Records from a collection:
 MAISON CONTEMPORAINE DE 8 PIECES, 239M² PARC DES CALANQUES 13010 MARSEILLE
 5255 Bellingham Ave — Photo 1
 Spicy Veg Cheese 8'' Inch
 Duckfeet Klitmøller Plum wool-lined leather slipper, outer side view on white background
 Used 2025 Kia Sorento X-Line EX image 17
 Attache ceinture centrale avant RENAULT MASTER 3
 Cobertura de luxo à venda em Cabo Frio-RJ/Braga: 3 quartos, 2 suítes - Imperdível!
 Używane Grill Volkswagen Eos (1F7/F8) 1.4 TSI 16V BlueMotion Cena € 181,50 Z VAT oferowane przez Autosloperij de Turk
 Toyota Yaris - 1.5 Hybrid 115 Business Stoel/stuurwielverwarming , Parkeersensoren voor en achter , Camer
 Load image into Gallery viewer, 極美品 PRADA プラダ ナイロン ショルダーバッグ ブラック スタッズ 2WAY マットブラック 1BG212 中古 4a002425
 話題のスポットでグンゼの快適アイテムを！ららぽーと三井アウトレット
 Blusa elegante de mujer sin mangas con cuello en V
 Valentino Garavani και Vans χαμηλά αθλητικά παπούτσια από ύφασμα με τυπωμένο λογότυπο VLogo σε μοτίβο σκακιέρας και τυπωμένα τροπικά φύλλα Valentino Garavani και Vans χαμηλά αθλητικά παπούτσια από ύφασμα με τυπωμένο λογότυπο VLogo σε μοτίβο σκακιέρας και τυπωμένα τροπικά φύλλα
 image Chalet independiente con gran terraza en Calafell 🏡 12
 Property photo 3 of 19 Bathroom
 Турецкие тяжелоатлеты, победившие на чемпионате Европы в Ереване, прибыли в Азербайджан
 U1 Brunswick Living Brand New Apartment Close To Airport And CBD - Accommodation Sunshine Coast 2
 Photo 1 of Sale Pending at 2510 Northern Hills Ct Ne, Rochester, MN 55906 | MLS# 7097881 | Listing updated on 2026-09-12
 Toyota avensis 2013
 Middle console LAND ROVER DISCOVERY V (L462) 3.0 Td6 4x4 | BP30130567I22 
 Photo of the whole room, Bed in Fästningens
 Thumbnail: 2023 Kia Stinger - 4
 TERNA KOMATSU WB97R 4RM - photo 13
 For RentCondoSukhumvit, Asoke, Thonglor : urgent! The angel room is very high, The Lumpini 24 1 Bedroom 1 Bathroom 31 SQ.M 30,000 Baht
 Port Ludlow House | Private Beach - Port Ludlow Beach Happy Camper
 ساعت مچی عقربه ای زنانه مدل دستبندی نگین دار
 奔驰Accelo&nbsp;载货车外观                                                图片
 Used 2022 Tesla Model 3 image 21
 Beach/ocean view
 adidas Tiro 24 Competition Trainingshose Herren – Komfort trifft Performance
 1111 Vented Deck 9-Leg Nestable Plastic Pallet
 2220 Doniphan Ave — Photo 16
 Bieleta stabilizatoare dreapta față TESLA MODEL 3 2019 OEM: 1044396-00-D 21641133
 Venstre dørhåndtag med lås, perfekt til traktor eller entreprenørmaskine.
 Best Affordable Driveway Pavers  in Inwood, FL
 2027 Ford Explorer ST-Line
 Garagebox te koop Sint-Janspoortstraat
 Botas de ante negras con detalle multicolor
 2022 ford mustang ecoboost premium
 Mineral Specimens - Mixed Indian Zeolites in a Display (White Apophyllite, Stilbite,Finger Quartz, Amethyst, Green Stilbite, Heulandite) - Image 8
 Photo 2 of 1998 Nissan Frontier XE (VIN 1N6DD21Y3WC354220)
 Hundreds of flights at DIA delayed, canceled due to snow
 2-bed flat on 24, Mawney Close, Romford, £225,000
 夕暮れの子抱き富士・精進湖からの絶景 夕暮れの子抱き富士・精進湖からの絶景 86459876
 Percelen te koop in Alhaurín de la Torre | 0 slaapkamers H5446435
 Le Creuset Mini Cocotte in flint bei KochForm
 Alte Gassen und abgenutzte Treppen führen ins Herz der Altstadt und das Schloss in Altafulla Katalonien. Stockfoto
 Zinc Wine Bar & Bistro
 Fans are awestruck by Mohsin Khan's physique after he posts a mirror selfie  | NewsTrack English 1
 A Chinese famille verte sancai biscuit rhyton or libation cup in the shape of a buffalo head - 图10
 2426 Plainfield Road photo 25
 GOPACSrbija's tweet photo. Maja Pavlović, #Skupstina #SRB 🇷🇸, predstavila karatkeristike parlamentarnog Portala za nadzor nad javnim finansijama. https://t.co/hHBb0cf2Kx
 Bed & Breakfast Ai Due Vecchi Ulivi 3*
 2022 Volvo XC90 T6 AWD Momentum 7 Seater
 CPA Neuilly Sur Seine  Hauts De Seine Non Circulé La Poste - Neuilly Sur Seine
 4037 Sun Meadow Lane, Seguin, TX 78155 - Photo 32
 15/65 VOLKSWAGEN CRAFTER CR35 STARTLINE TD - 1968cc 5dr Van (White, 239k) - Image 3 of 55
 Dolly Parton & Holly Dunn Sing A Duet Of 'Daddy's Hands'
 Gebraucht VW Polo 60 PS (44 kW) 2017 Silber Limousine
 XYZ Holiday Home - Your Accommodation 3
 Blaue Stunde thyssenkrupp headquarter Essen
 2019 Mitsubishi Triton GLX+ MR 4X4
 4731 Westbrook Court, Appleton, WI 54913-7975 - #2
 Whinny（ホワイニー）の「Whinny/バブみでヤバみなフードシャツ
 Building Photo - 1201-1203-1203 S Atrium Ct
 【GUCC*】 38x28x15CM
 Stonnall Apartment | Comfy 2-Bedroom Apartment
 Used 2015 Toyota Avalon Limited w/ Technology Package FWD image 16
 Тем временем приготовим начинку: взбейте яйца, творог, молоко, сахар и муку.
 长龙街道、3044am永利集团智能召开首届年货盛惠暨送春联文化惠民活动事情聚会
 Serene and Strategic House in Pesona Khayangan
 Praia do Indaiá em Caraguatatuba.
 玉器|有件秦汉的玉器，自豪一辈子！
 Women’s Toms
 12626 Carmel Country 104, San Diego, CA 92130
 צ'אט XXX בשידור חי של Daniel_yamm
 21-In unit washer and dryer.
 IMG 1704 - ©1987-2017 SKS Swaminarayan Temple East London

EXERCISE GOAL:
Your reply must be a faithful copy of each entry above.

RESPONSE TO THE EXERCISE:
 MAISON CONTEMPORAINE DE 8 PIECES, 239M² PARC DES CALANQUES 13010 MARSEILLE
 5255 Bellingham Ave — Photo 1
 Spicy Veg Cheese 8'' Inch
 Duckfeet Klitmøller Plum wool-lined leather slipper, outer side view on white background
 Used 2025 Kia Sorento X-Line EX image 17
 Attache ceinture centrale avant RENAULT MASTER 3
 Cobertura de luxo à venda em Cabo Frio-RJ/Braga: 3 quartos, 2 suítes - Imperdível!
 Używane Grill Volkswagen Eos (1F7/F8) 1.4 TSI 16V BlueMotion Cena € 181,50 Z VAT oferowane przez Autosloperij de Turk
 Toyota Yaris - 1.5 Hybrid 115 Business Stoel/stuurwielverwarming , Parkeersensoren voor en achter , Camer
 Load image into Gallery viewer, 極美品 PRADA プラダ ナイロン ショルダーバッグ ブラック スタッズ 2WAY マットブラック 1BG212 中古 4a002425
 話題のスポットでグンゼの快適アイテムを！ららぽーと三井アウトレット
 Blusa elegante de mujer sin mangas con cuello en V
 Valentino Garavani και Vans χαμηλά αθλητικά παπούτσια από ύφασμα με τυπωμένο λογότυπο VLogo σε μοτίβο σκακιέρας και τυπωμένα τροπικά φύλλα Valentino Garavani και Vans χαμηλά αθλητικά παπούτσια από ύφασμα με τυπωμένο λογότυπο VLogo σε μοτίβο σκακιέρας και τυπωμένα τροπικά φύλλα
 image Chalet independiente con gran terraza en Calafell 🏡 12
 Property photo 3 of 19 Bathroom
 Турецкие тяжелоатлеты, победившие на чемпионате Европы в Ереване, прибыли в Азербайджан
 U1 Brunswick Living Brand New Apartment Close To Airport And CBD - Accommodation Sunshine Coast 2
 Photo 1 of Sale Pending at 2510 Northern Hills Ct Ne, Rochester, MN 55906 | MLS# 7097881 | Listing updated on 2026-09-12
 Toyota avensis 2013
 Middle console LAND ROVER DISCOVERY V (L462) 3.0 Td6 4x4 | BP30130567I22 
 Photo of the whole room, Bed in Fästningens
 Thumbnail: 2023 Kia Stinger - 4
 TERNA KOMATSU WB97R 4RM - photo 13
 For RentCondoSukhumvit, Asoke, Thonglor : urgent! The angel room is very high, The Lumpini 24 1 Bedroom 1 Bathroom 31 SQ.M 30,000 Baht
 Port Ludlow House | Private Beach - Port Ludlow Beach Happy Camper
 ساعت مچی عقربه ای زنانه مدل دستبندی نگین دار
 奔驰Accelo&nbsp;载货车外观                                                图片
 Used 2022 Tesla Model 3 image 21
 Beach/ocean view
 adidas Tiro 24 Competition Trainingshose Herren – Komfort trifft Performance
 1111 Vented Deck 9-Leg Nestable Plastic Pallet
 2220 Doniphan Ave — Photo 16
 Bieleta stabilizatoare dreapta față TESLA MODEL 3 2019 OEM: 1044396-00-D 21641133
 Venstre dørhåndtag med lås, perfekt til traktor eller entreprenørmaskine.
 Best Affordable Driveway Pavers  in Inwood, FL
 2027 Ford Explorer ST-Line
 Garagebox te koop Sint-Janspoortstraat
 Botas de ante negras con detalle multicolor
 2022 ford mustang ecoboost premium
 Mineral Specimens - Mixed Indian Zeolites in a Display (White Apophyllite, Stilbite,Finger Quartz, Amethyst, Green Stilbite, Heulandite) - Image 8
 Photo 2 of 1998 Nissan Frontier XE (VIN 1N6DD21Y3WC354220)
 Hundreds of flights at DIA delayed, canceled due to snow
 2-bed flat on 24, Mawney Close, Romford, £225,000
 夕暮れの子抱き富士・精進湖からの絶景 夕暮れの子抱き富士・精進湖からの絶景 86459876
 Percelen te koop in Alhaurín de la Torre | 0 slaapkamers H5446435
 Le Creuset Mini Cocotte in flint bei KochForm
 Alte Gassen und abgenutzte Treppen führen ins Herz der Altstadt und das Schloss in Altafulla Katalonien. Stockfoto
 Zinc Wine Bar & Bistro
 Fans are awestruck by Mohsin Khan's physique after he posts a mirror selfie  | NewsTrack English 1
 A Chinese famille verte sancai biscuit rhyton or libation cup in the shape of a buffalo head - 图10
 2426 Plainfield Road photo 25
 GOPACSrbija's tweet photo. Maja Pavlović, #Skupstina #SRB 🇷🇸, predstavila karatkeristike parlamentarnog Portala za nadzor nad javnim finansijama. https://t.co/hHBb0cf2Kx
 Bed & Breakfast Ai Due Vecchi Ulivi 3*
 2022 Volvo XC90 T6 AWD Momentum 7 Seater
 CPA Neuilly Sur Seine  Hauts De Seine Non Circulé La Poste - Neuilly Sur Seine
 4037 Sun Meadow Lane, Seguin, TX 78155 - Photo 32
 15/65 VOLKSWAGEN CRAFTER CR35 STARTLINE TD - 1968cc 5dr Van (White, 239k) - Image 3 of 55
 Dolly Parton & Holly Dunn Sing A Duet Of 'Daddy's Hands'
 Gebraucht VW Polo 60 PS (44 kW) 2017 Silber Limousine
 XYZ Holiday Home - Your Accommodation 3
 Blaue Stunde thyssenkrupp headquarter Essen
 2019 Mitsubishi Triton GLX+ MR 4X4
 4731 Westbrook Court, Appleton, WI 54913-7975 - #2
 Whinny（ホワイニー）の「Whinny/バブみでヤバみなフードシャツ
 Building Photo - 1201-1203-1203 S Atrium Ct
 【GUCC*】 38x28x15CM
 Stonnall Apartment | Comfy 2-Bedroom Apartment
 Used 2015 Toyota Avalon Limited w/ Technology Package FWD image 16
 Тем временем приготовим начинку: взбейте яйца, творог, молоко, сахар и муку.
 长龙街道、3044am永利集团智能召开首届年货盛惠暨送春联文化惠民活动事情聚会
 Serene and Strategic House in Pesona Khayangan
 Praia do Indaiá em Caraguatatuba.
 玉器|有件秦汉的玉器，自豪一辈子！
 Women’s Toms
 12626 Carmel Country 104, San Diego, CA 92130
 צ'אט XXX בשידור חי של Daniel_yamm
 21-In unit washer and dryer.
 IMG 1704 - ©1987-2017 SKS Swaminarayan Temple East London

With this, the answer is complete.